CARP WAN VIP not reachable

Started by liceo, December 08, 2023, 04:57:21 PM

Previous topic - Next topic
Hi all

I setup again a new HA cluster running on two Hyper-V boxes. I did the HA setup same as my other installations but this time i cannot reach the CARP VIP from the WAN side. It's a pretty standard setup at follows:


  • Two ONPSense with LAN and WAN Interfaces
  • MAC spoofing is enabled
  • Added a CARP VIP on both interfaces
  • Setup sync between HA pairs
  • Failover is working tested from the LAN
  • Ping to all Interfaces including the VIPs possible from LAN

What does NOT work now:



  • I Can reach the real WAN IPs from the WAN transfer network but NOT the VIP
  • I cannot use the WAN VIP in the outbound NAT rule > Internet is not reachable anymore

I did recreate all the VIPs, recreate the outbound NAT rule, rebooted several times, checked the Firewall logs,  checked the TCPDump (not one package to the WAN VIP..).

Any ideas??

Many thanks!

I have exactly the same problem. I have to give the physical interfaces the required IP address, then the OPNsense works. Of course I no longer have a backup for that.

I can't see any traffic on the VIP's anywhere. How can you narrow down this error?

December 09, 2023, 08:27:37 PM #2 Last Edit: December 09, 2023, 09:35:17 PM by liceo
[mention]danbet [/mention] Do you also run OPNsense on Hyper-V?

I was able to solve it! I had to recreate the virtual switch on Hyper-V servers without SR-IOV enabled.

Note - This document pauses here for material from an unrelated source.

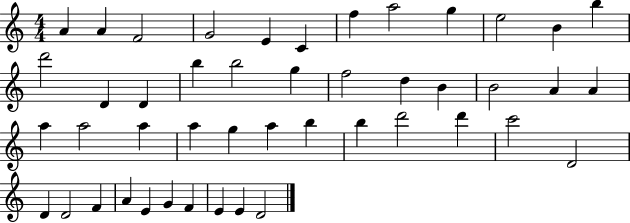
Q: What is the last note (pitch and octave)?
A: D4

Quote from: liceo on December 10, 2023, 09:28:30 AM
I was able to solve it! I had to recreate the virtual switch on Hyper-V servers without SR-IOV enabled.

No, with VMware ESXi.

Ah, ok. But may you also try disable SR-IOV..

I have no such attitude. I can only choose SR-IOV passthrough as the network interface, but I chose E1000.

I'm seeing something similar on the 'inside' VIP but only for a Sonoff door sensor. If I configure the Sonoff unit to use the OPNSense physical IP of one of the units the Sonoff sensor starts working. I'm running OPNSense on Proxmox. What's really weird is only the Sonoff units are affected. I'll keep digging.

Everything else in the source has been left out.